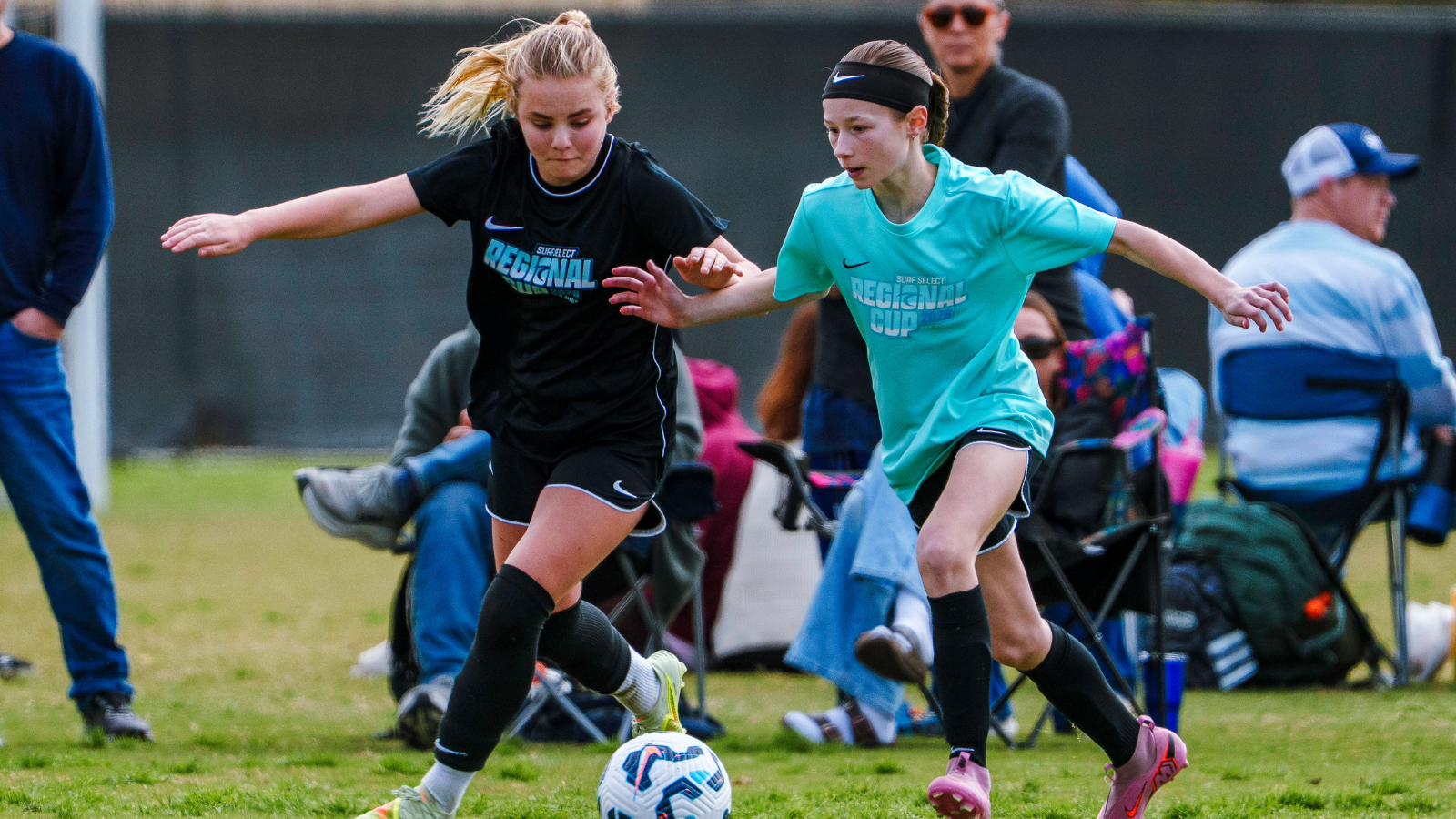 Two young girls compete for a soccer ball during a match on a grassy field, one in a black kit and the other in turquoise, both focused on the ball.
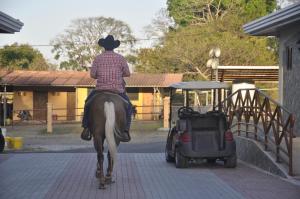 a man riding a horse next to a golf cart at Pocri Country Resort in Aguadulce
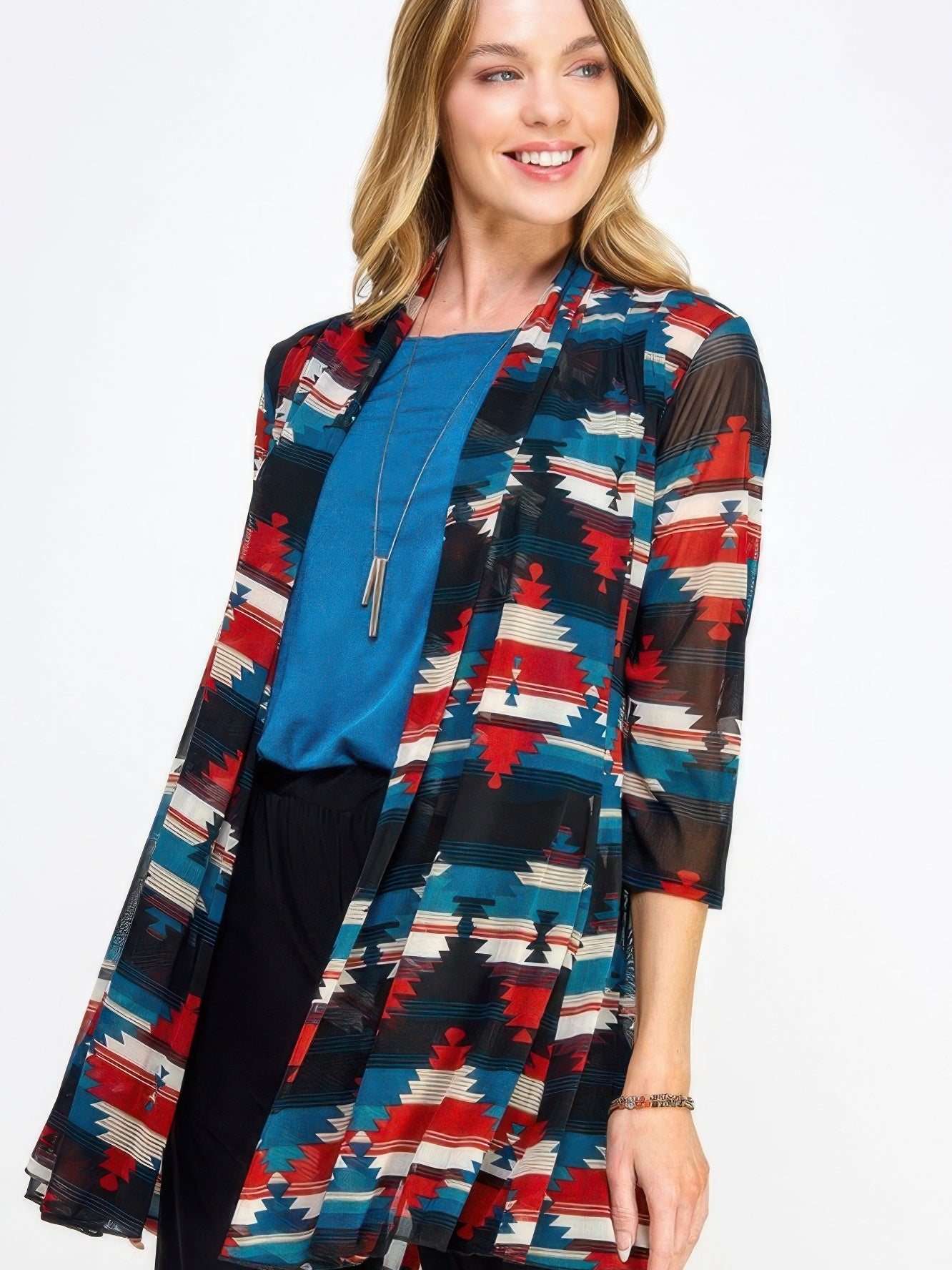 Model wearing the Mr Princess Jacket, a colorful patterned long jacket, styled over a blue top.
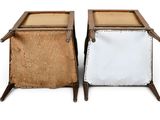 pair of wooden and leather side tables with a white canvas cover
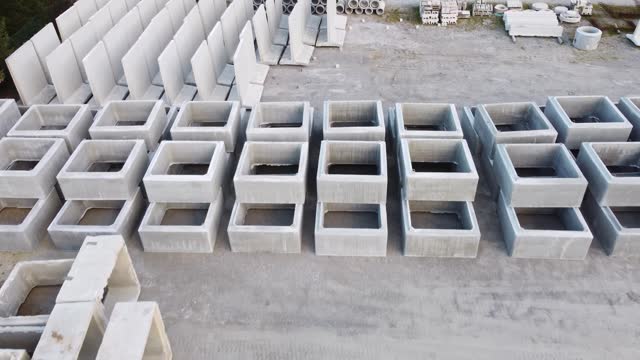 Aerial view of concrete pipes stacked in a storage yard for industrial construction.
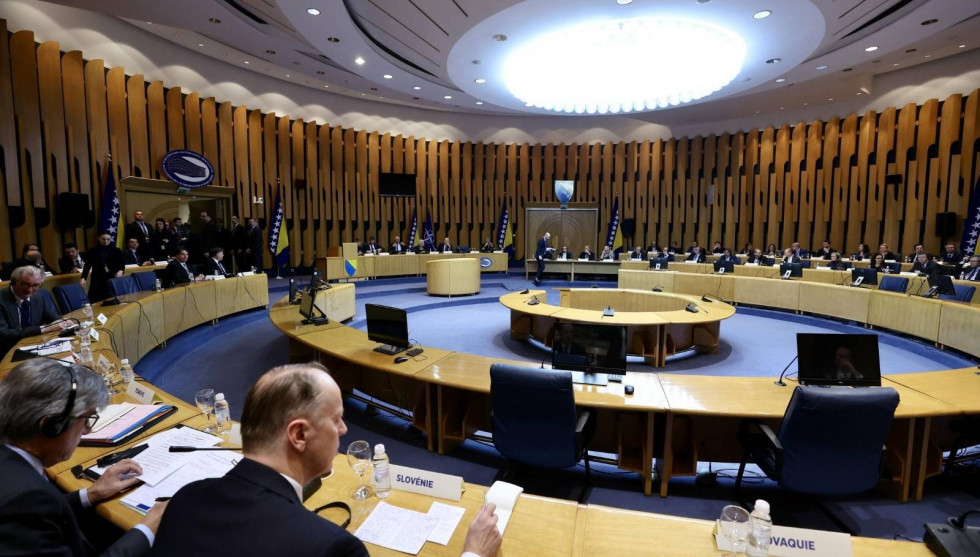 Sejan dvorana z veliko okroglo mizo za katero sedijo ljudje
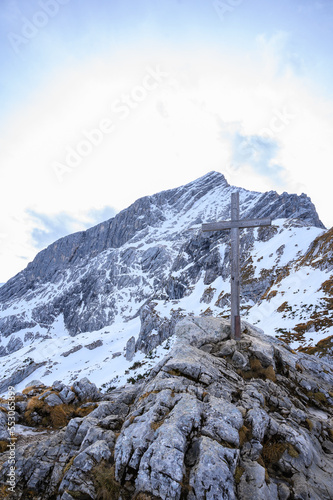 Holzkreuz auf einem Gipfel in den bayrischen schneebedeckten Alpen im Winter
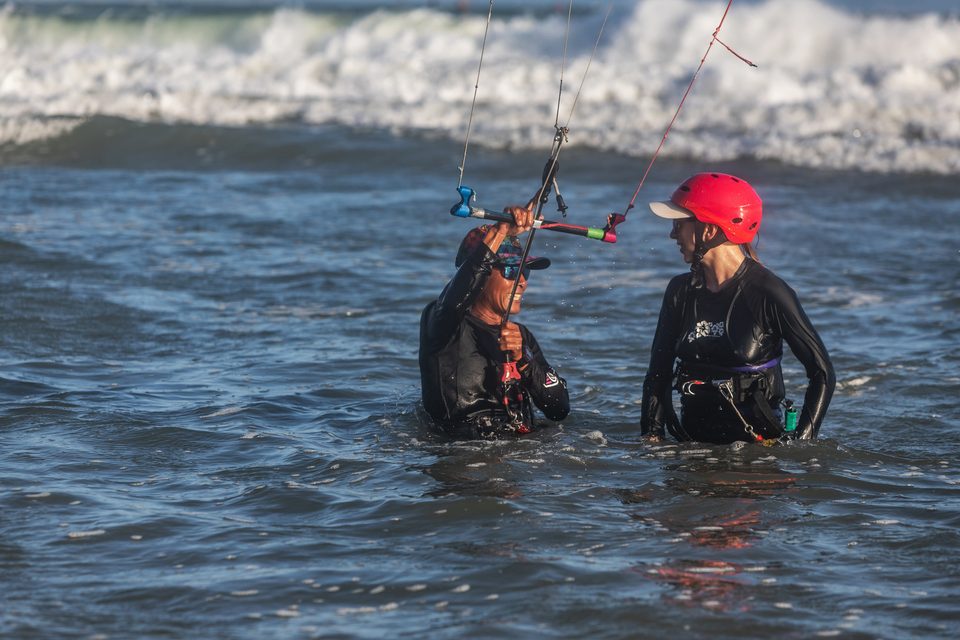 An instructor and a student standing together in waist-deep water at Mui Ne, working through a drill with the kite out of frame.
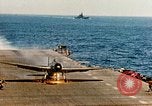 Image of wrecked planes and fire on USS Yorktown World War 2 Pacific Theater, 1944, second 62 stock footage video 65675021565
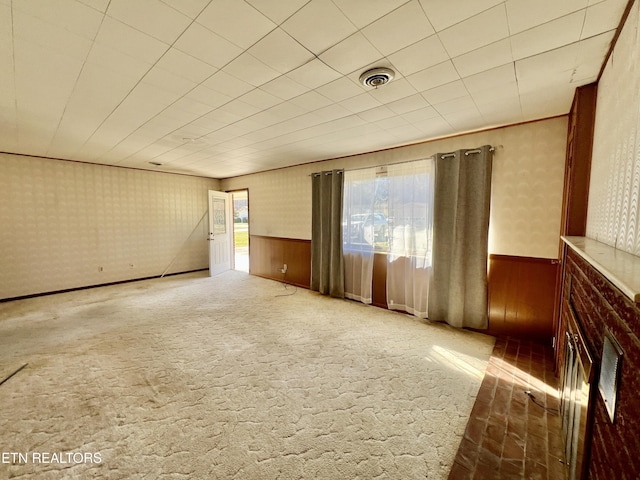 spare room featuring carpet floors, wainscoting, visible vents, and wallpapered walls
--------------------
* WORK TO BE COMPLETED: Drop the images and quote the entries word for word.

* RESPONSE BELOW:
 Two young girls compete for a soccer ball during a match on a grassy field, one in a black kit and the other in turquoise, both focused on the ball.
 a man riding a horse next to a golf cart at Pocri Country Resort in Aguadulce
 Model wearing the Mr Princess Jacket, a colorful patterned long jacket, styled over a blue top.
 pair of wooden and leather side tables with a white canvas cover
 Aerial view of concrete pipes stacked in a storage yard for industrial construction.
 Sejan dvorana z veliko okroglo mizo za katero sedijo ljudje
 Holzkreuz auf einem Gipfel in den bayrischen schneebedeckten Alpen im Winter
 An instructor and a student standing together in waist-deep water at Mui Ne, working through a drill with the kite out of frame.
 Image of wrecked planes and fire on USS Yorktown World War 2 Pacific Theater, 1944, second 62 stock footage video 65675021565
 spare room featuring carpet floors, wainscoting, visible vents, and wallpapered walls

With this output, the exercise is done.